We pass on 1582 dogs, 558 cats

#### Accuracy: 73.93%

In [101]:
model_combinations = {'Model Combination':  ['Model 1:2', 'Model 1:3', 'Model 1:4', 'Model 2:3', 'Model 2:4', 'Model 3:4'],
        'Dogs Passed to User': [1283, 653, 2498, 812, 1526, 1582],
        'Cats Passed to User': [35, 158, 211, 93, 125, 558],
        'Accuracy': [.9734, .8052, .9221, .8972, .9243, .7393]
        }

model_df = pd.DataFrame (model_combinations, columns = ['Model Combination','Dogs Passed to User', 'Cats Passed to User', 'Accuracy'])
model_df

Unnamed: 0,Model Combination,Dogs Passed to User,Cats Passed to User,Accuracy
0,Model 1:2,1283,35,0.9734
1,Model 1:3,653,158,0.8052
2,Model 1:4,2498,211,0.9221
3,Model 2:3,812,93,0.8972
4,Model 2:4,1526,125,0.9243
5,Model 3:4,1582,558,0.7393


Its clear from our results that the combination of models 1 and 2 give the highest possible accuracy. 

However, there can be a case made for models 1 and 4. While accuracy drops from 97% to 92%, the number of pictures more than doubles.
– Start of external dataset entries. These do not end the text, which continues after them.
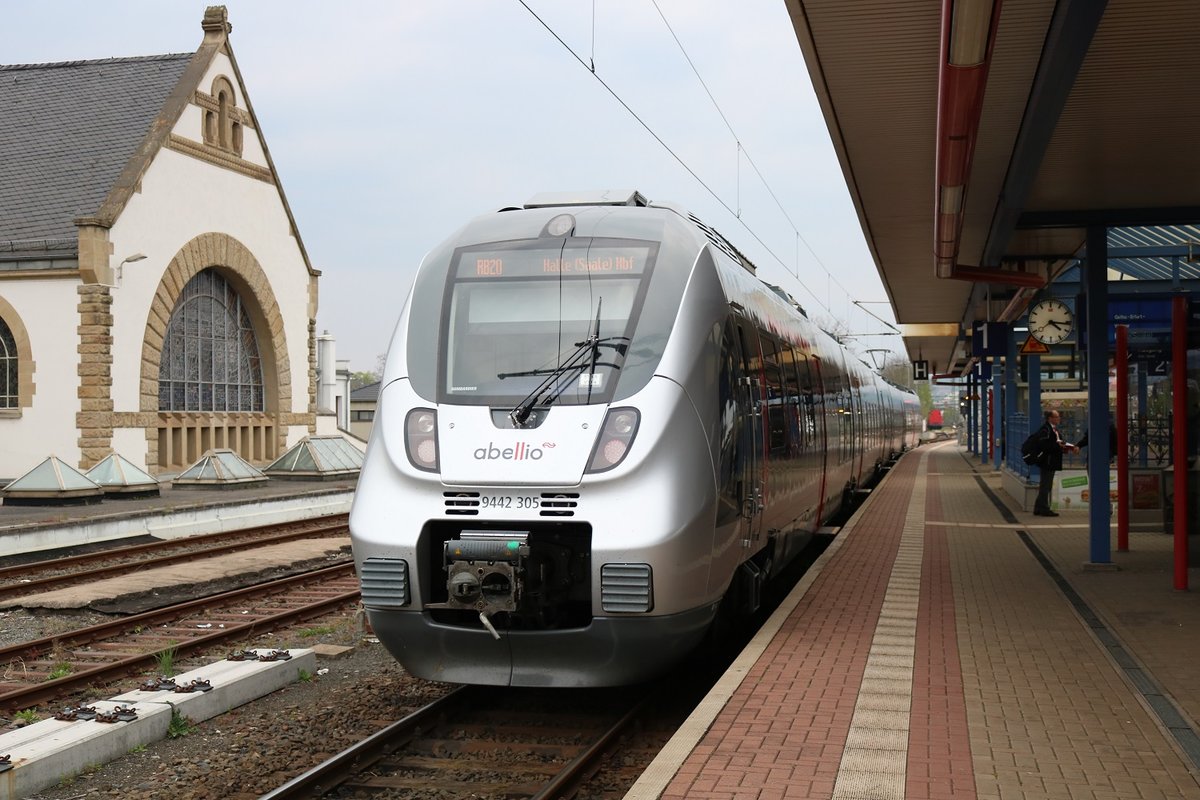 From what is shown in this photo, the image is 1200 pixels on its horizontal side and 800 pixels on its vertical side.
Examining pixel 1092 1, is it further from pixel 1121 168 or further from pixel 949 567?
pixel 949 567

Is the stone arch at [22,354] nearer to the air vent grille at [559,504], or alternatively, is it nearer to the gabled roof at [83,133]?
the gabled roof at [83,133]

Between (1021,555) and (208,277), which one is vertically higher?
(208,277)

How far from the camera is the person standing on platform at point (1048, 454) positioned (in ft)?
61.9

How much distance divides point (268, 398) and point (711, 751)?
112 ft

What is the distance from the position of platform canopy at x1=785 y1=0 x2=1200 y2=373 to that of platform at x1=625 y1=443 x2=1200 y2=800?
3471 millimetres

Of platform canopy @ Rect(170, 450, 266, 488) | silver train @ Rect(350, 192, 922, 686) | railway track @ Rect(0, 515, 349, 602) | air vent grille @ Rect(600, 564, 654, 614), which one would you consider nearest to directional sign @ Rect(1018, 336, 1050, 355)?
railway track @ Rect(0, 515, 349, 602)

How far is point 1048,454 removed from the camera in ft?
63.0

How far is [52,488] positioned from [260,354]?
1521 centimetres

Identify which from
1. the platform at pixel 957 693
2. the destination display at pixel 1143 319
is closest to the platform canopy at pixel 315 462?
the platform at pixel 957 693

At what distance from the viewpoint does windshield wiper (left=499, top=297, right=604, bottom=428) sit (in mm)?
7422

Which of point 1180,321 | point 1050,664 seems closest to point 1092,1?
point 1050,664

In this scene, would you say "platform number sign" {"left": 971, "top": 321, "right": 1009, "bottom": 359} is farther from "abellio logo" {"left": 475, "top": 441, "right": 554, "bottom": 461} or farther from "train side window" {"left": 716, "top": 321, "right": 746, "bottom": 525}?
"abellio logo" {"left": 475, "top": 441, "right": 554, "bottom": 461}

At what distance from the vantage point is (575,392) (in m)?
7.51

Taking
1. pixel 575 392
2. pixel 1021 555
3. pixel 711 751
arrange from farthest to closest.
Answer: pixel 1021 555
pixel 575 392
pixel 711 751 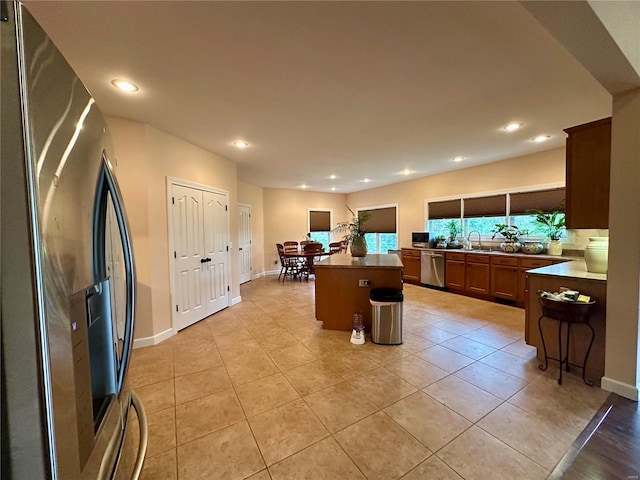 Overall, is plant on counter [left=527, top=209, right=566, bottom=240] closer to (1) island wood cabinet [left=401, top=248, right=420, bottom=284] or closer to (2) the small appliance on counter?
(2) the small appliance on counter

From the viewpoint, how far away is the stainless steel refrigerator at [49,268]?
41cm

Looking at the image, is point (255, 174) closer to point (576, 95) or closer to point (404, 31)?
point (404, 31)

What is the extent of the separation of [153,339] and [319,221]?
248 inches

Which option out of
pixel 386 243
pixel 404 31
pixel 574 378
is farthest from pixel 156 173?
pixel 386 243

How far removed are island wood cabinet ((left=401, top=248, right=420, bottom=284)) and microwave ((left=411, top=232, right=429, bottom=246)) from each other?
25cm

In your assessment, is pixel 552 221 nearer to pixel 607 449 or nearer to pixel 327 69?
pixel 607 449

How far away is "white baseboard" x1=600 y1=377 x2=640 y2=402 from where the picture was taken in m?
2.01

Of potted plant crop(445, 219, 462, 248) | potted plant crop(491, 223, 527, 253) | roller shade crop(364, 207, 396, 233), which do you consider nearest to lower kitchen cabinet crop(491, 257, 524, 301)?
potted plant crop(491, 223, 527, 253)

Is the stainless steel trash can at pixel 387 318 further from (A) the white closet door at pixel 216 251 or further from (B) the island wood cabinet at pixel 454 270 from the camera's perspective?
(B) the island wood cabinet at pixel 454 270

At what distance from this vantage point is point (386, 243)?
26.1ft

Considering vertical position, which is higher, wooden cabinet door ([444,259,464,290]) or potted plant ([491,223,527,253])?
potted plant ([491,223,527,253])

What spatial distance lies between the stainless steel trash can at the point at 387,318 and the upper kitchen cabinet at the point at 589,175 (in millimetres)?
1948

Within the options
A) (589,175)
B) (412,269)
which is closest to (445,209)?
(412,269)

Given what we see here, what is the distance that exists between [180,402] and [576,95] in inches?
183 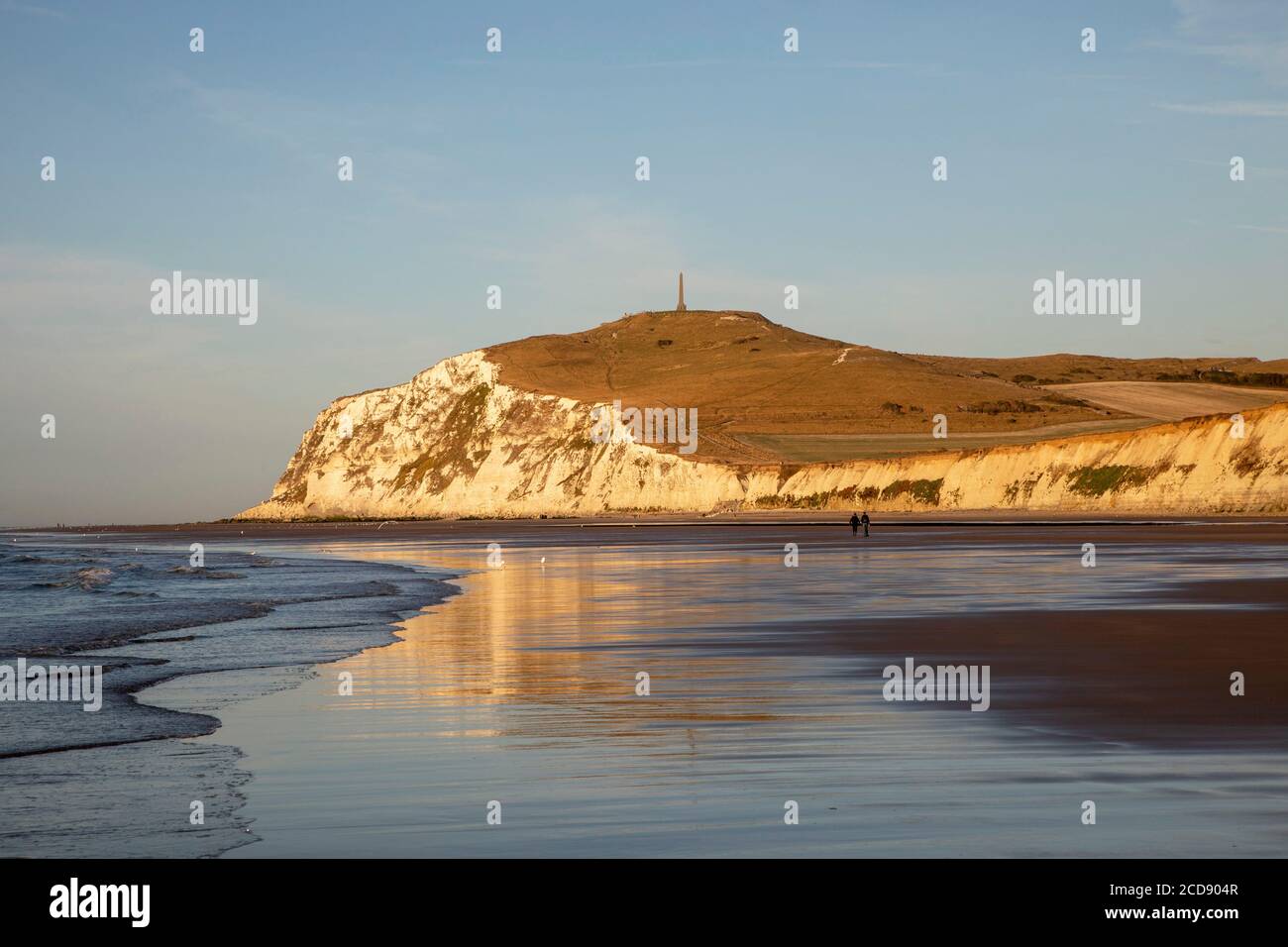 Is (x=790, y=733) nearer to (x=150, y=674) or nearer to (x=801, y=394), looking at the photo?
(x=150, y=674)

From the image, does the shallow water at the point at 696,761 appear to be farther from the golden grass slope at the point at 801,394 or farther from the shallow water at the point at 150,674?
the golden grass slope at the point at 801,394

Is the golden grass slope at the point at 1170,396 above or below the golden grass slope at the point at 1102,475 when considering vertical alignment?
above

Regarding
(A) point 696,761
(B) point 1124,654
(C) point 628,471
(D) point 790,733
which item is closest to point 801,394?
(C) point 628,471

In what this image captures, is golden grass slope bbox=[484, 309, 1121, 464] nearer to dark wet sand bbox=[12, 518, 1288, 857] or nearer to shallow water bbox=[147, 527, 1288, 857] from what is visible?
dark wet sand bbox=[12, 518, 1288, 857]

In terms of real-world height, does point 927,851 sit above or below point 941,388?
below

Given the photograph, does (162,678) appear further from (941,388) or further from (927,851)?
(941,388)

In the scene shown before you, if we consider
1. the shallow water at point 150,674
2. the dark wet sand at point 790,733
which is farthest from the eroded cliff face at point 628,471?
the dark wet sand at point 790,733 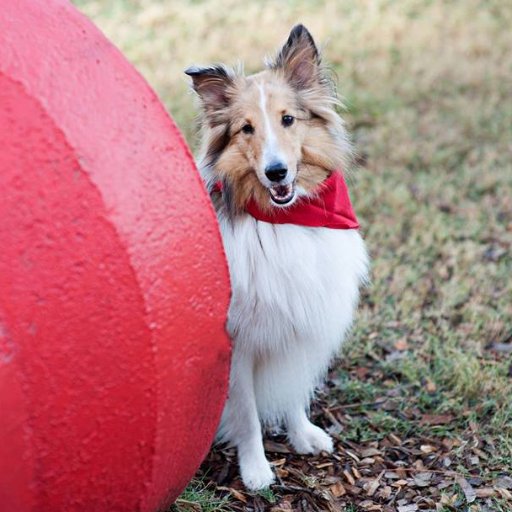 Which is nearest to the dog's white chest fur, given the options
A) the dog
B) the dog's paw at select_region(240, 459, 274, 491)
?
the dog

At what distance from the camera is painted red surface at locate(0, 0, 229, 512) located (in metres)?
2.28

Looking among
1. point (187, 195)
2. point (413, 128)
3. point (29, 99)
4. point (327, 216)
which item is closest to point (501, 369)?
point (327, 216)

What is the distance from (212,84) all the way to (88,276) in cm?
150

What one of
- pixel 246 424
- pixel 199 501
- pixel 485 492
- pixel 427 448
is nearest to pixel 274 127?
pixel 246 424

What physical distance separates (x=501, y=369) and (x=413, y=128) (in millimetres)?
4157

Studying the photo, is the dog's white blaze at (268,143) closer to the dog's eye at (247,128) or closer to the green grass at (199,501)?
the dog's eye at (247,128)

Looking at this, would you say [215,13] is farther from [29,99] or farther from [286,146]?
[29,99]

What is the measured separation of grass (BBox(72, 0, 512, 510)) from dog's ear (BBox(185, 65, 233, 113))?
0.90 meters

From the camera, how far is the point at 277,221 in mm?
3443

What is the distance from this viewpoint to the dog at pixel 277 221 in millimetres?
3387

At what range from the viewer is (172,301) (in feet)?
8.03

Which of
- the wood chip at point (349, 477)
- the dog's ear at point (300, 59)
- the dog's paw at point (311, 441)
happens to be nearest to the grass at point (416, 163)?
the dog's paw at point (311, 441)

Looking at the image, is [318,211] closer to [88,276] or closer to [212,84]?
[212,84]

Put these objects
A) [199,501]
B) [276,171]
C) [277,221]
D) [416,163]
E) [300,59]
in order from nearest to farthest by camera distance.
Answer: [199,501] < [276,171] < [277,221] < [300,59] < [416,163] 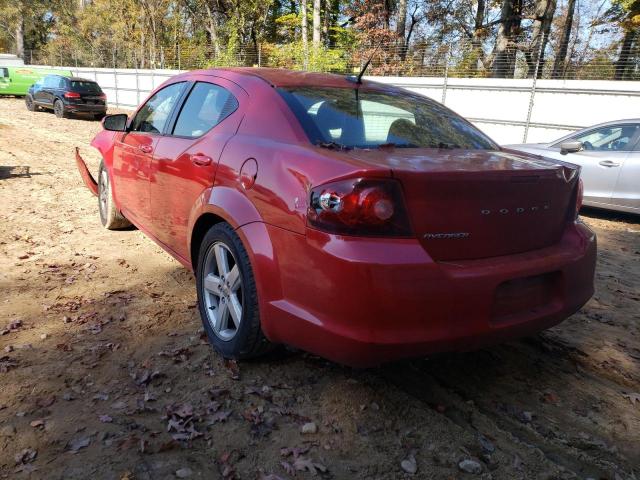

The user is getting many more dog pictures for the same subscription price. 

#### Suppose you are working on a team that solely deals with cat pictures. Which of these models would you recomend for Phase I? For Phase II?

Rather than recalculating every possible model combination for cats, lets consider what characteristics made the combination of models 1 and 2 the most accurate overall.